- Your instructions
All of the data below should be set down again verbatim, without any images.

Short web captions

□ □ □ □ □

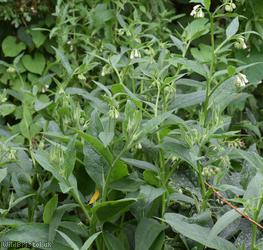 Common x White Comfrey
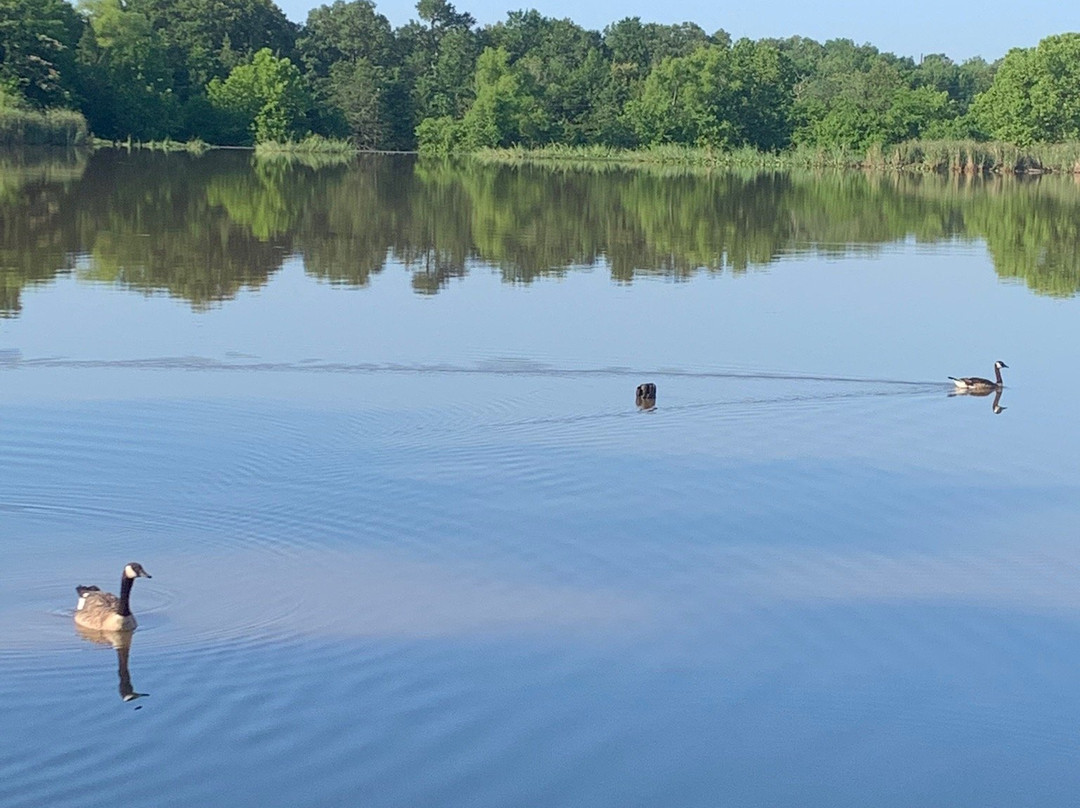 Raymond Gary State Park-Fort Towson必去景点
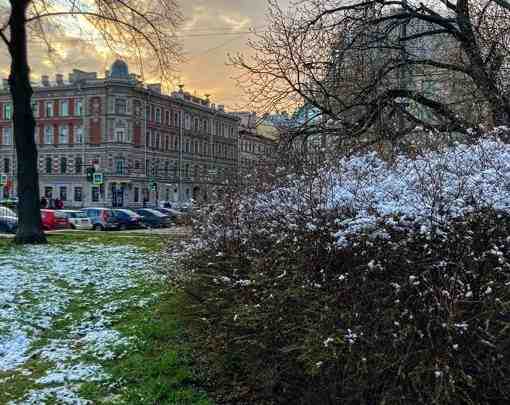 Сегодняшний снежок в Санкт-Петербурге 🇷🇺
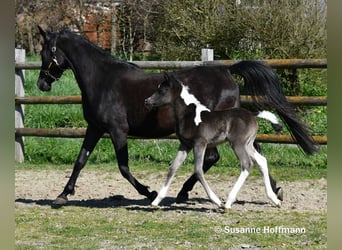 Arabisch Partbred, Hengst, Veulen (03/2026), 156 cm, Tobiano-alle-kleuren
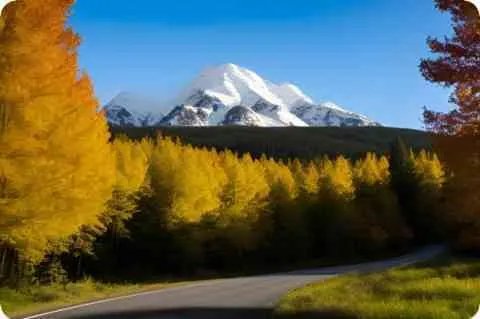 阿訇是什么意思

□ □ □ □ □

- Response to this exercise
 Common x White Comfrey
 Raymond Gary State Park-Fort Towson必去景点
 Сегодняшний снежок в Санкт-Петербурге 🇷🇺
 Arabisch Partbred, Hengst, Veulen (03/2026), 156 cm, Tobiano-alle-kleuren
 阿訇是什么意思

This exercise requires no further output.